Data section:
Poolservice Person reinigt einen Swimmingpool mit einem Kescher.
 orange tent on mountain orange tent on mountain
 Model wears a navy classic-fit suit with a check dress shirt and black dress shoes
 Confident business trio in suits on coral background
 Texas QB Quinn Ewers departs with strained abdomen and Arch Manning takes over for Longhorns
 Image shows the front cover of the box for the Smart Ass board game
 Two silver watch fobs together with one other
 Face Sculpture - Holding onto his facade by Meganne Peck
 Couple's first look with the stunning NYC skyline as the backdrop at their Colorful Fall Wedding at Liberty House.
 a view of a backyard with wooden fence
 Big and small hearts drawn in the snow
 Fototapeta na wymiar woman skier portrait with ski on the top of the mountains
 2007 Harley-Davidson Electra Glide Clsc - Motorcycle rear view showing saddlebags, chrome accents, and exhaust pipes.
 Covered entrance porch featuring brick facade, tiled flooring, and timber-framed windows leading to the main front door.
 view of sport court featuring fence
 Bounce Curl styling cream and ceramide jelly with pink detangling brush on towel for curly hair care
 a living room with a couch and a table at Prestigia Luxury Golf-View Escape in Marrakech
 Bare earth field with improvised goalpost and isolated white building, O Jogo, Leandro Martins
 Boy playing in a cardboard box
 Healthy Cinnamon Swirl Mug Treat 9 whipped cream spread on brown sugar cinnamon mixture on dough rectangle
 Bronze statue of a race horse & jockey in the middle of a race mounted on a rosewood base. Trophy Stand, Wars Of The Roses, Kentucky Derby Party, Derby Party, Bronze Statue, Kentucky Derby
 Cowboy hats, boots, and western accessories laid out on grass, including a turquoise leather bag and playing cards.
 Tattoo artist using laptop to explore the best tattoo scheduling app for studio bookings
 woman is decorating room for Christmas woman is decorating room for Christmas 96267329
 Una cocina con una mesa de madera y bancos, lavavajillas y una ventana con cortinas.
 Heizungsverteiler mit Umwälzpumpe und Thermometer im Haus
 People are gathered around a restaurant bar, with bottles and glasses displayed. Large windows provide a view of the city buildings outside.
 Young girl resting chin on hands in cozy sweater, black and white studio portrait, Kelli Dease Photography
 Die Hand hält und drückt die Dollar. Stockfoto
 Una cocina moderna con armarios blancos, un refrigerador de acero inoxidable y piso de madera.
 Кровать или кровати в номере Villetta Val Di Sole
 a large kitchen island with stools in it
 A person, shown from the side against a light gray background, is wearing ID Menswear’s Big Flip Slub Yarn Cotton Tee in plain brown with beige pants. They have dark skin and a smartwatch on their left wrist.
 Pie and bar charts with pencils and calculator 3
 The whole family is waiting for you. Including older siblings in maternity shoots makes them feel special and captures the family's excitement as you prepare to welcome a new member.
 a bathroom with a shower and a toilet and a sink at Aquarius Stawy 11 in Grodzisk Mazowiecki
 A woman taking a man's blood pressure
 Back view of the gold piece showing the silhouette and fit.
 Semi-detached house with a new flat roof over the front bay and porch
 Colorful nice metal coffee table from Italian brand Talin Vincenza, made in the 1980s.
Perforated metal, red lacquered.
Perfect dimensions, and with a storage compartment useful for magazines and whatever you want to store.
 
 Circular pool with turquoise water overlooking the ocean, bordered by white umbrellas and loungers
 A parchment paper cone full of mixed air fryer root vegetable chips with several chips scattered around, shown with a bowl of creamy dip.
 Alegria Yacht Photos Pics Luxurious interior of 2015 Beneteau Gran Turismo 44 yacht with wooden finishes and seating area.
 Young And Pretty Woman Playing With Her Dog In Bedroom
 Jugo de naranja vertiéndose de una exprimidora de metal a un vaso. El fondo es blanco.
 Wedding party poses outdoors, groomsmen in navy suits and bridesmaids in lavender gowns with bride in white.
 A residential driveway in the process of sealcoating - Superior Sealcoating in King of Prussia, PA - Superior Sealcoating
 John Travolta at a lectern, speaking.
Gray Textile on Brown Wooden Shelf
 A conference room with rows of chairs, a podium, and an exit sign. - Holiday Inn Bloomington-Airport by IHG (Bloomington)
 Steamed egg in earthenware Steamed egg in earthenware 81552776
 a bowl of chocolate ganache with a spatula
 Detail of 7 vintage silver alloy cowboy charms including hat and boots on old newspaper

Your goal: Every line of the material needs to be returned exactly.

Expected answer:
Poolservice Person reinigt einen Swimmingpool mit einem Kescher.
 orange tent on mountain orange tent on mountain
 Model wears a navy classic-fit suit with a check dress shirt and black dress shoes
 Confident business trio in suits on coral background
 Texas QB Quinn Ewers departs with strained abdomen and Arch Manning takes over for Longhorns
 Image shows the front cover of the box for the Smart Ass board game
 Two silver watch fobs together with one other
 Face Sculpture - Holding onto his facade by Meganne Peck
 Couple's first look with the stunning NYC skyline as the backdrop at their Colorful Fall Wedding at Liberty House.
 a view of a backyard with wooden fence
 Big and small hearts drawn in the snow
 Fototapeta na wymiar woman skier portrait with ski on the top of the mountains
 2007 Harley-Davidson Electra Glide Clsc - Motorcycle rear view showing saddlebags, chrome accents, and exhaust pipes.
 Covered entrance porch featuring brick facade, tiled flooring, and timber-framed windows leading to the main front door.
 view of sport court featuring fence
 Bounce Curl styling cream and ceramide jelly with pink detangling brush on towel for curly hair care
 a living room with a couch and a table at Prestigia Luxury Golf-View Escape in Marrakech
 Bare earth field with improvised goalpost and isolated white building, O Jogo, Leandro Martins
 Boy playing in a cardboard box
 Healthy Cinnamon Swirl Mug Treat 9 whipped cream spread on brown sugar cinnamon mixture on dough rectangle
 Bronze statue of a race horse & jockey in the middle of a race mounted on a rosewood base. Trophy Stand, Wars Of The Roses, Kentucky Derby Party, Derby Party, Bronze Statue, Kentucky Derby
 Cowboy hats, boots, and western accessories laid out on grass, including a turquoise leather bag and playing cards.
 Tattoo artist using laptop to explore the best tattoo scheduling app for studio bookings
 woman is decorating room for Christmas woman is decorating room for Christmas 96267329
 Una cocina con una mesa de madera y bancos, lavavajillas y una ventana con cortinas.
 Heizungsverteiler mit Umwälzpumpe und Thermometer im Haus
 People are gathered around a restaurant bar, with bottles and glasses displayed. Large windows provide a view of the city buildings outside.
 Young girl resting chin on hands in cozy sweater, black and white studio portrait, Kelli Dease Photography
 Die Hand hält und drückt die Dollar. Stockfoto
 Una cocina moderna con armarios blancos, un refrigerador de acero inoxidable y piso de madera.
 Кровать или кровати в номере Villetta Val Di Sole
 a large kitchen island with stools in it
 A person, shown from the side against a light gray background, is wearing ID Menswear’s Big Flip Slub Yarn Cotton Tee in plain brown with beige pants. They have dark skin and a smartwatch on their left wrist.
 Pie and bar charts with pencils and calculator 3
 The whole family is waiting for you. Including older siblings in maternity shoots makes them feel special and captures the family's excitement as you prepare to welcome a new member.
 a bathroom with a shower and a toilet and a sink at Aquarius Stawy 11 in Grodzisk Mazowiecki
 A woman taking a man's blood pressure
 Back view of the gold piece showing the silhouette and fit.
 Semi-detached house with a new flat roof over the front bay and porch
 Colorful nice metal coffee table from Italian brand Talin Vincenza, made in the 1980s.
Perforated metal, red lacquered.
Perfect dimensions, and with a storage compartment useful for magazines and whatever you want to store.
 
 Circular pool with turquoise water overlooking the ocean, bordered by white umbrellas and loungers
 A parchment paper cone full of mixed air fryer root vegetable chips with several chips scattered around, shown with a bowl of creamy dip.
 Alegria Yacht Photos Pics Luxurious interior of 2015 Beneteau Gran Turismo 44 yacht with wooden finishes and seating area.
 Young And Pretty Woman Playing With Her Dog In Bedroom
 Jugo de naranja vertiéndose de una exprimidora de metal a un vaso. El fondo es blanco.
 Wedding party poses outdoors, groomsmen in navy suits and bridesmaids in lavender gowns with bride in white.
 A residential driveway in the process of sealcoating - Superior Sealcoating in King of Prussia, PA - Superior Sealcoating
 John Travolta at a lectern, speaking.
Gray Textile on Brown Wooden Shelf
 A conference room with rows of chairs, a podium, and an exit sign. - Holiday Inn Bloomington-Airport by IHG (Bloomington)
 Steamed egg in earthenware Steamed egg in earthenware 81552776
 a bowl of chocolate ganache with a spatula
 Detail of 7 vintage silver alloy cowboy charms including hat and boots on old newspaper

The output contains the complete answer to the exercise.